Azure Infrastructure and Identity Architect

About The Position

Requirements

• 10+ years in IT infrastructure, with 6+ years designing and delivering on Microsoft Azure in a consulting or large-enterprise environment using IaC.
• Demonstrable track record as the lead architect on substantial Azure engagements (landing zone build-outs, large-scale migrations, or enterprise identity modernization).
• Direct experience in a billable consulting model, including pre-sales contribution and ownership of SOWs.
• Azure Landing Zones/CAF, Azure Policy, platform vs. application landing zone patterns.
• Networking & security: hub-and-spoke, Virtual WAN, Azure Firewall, NSGs and ASGs, Application Gateway/Front Door/WAF, Private Link and Private DNS, ExpressRoute, site-to-site VPN, DDoS protection.
• Identity: Entra ID tenant architecture, hybrid identity (Entra Connect, Cloud Sync, ADFS where relevant), Conditional Access design, MFA and passwordless rollouts, PIM, Entra ID Governance, B2B/B2C, workload identities and managed identities.
• Infrastructure as Code: production experience with Terraform.
• Migration: Azure Migrate (Discovery, Server Assessment, Server Migration), Azure Site Recovery, Database Migration Service, application dependency mapping, cutover planning.
• Governance, monitoring, and cost: Azure Policy and Initiatives, Microsoft Defender for Cloud, Azure Monitor, Log Analytics, cost management and FinOps fundamentals.
• Working knowledge of Microsoft 365 / Intune / Defender boundaries with Azure infrastructure work, sufficient to scope adjacent workstreams and route them appropriately.

Responsibilities

• Lead technical sales motions end-to-end, from discovery through deal closure. Translate ambiguous client needs into a credible technical approach, phased roadmap, and commercial model (T&M, fixed-fee).
• Author the technical content of Statements of Work, proposals, including assumptions, deliverables, RACI, and exit criteria.
• Build and defend bottom-up estimates; size delivery teams; identify and price in risk, dependencies.
• Deliver executive-level presentations, demos, and architecture walkthroughs; convert technical credibility into pipeline.
• Serve as the lead architect across one or more concurrent Azure engagements; own the end-to-end technical quality of what we ship.
• Set architectural direction for Azure Landing Zones aligned to CAF and WAF and properly sized to support our clients’ AI workloads.
• Design and oversee implementation of hub-and-spoke and Virtual WAN network topologies, including Azure Firewall/NVA strategy, Private Link, DNS, ExpressRoute, and segmentation patterns.
• Define the identity foundation: Microsoft Entra ID tenant design, hybrid identity, Conditional Access, PIM, Entra ID governance.
• Shape and lead on-prem to Azure migration programs: assessment with Azure Migrate, wave planning, replatform vs. rehost decisions, cutover strategy, and decommissioning.
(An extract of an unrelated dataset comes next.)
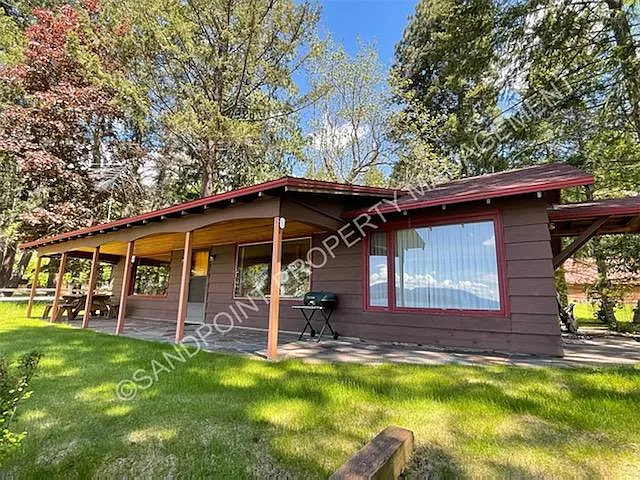 270 Eameshore Dr — Photo 3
Cover VMware, Hyper-V, physical, and database workloads.
• Security and governance: Microsoft Defender for Cloud, Azure Policy, role-based access control, key and secret management, logging and monitoring (Azure Monitor, Log Analytics, Sentinel handoffs).
• Mentor more junior consultants; run internal architecture reviews and design clinics.
• Contribute to and curate practice IP: reference architectures, IaC modules, assessment templates, runbooks, and migration playbooks.
• Stay current with the Azure and Entra roadmaps.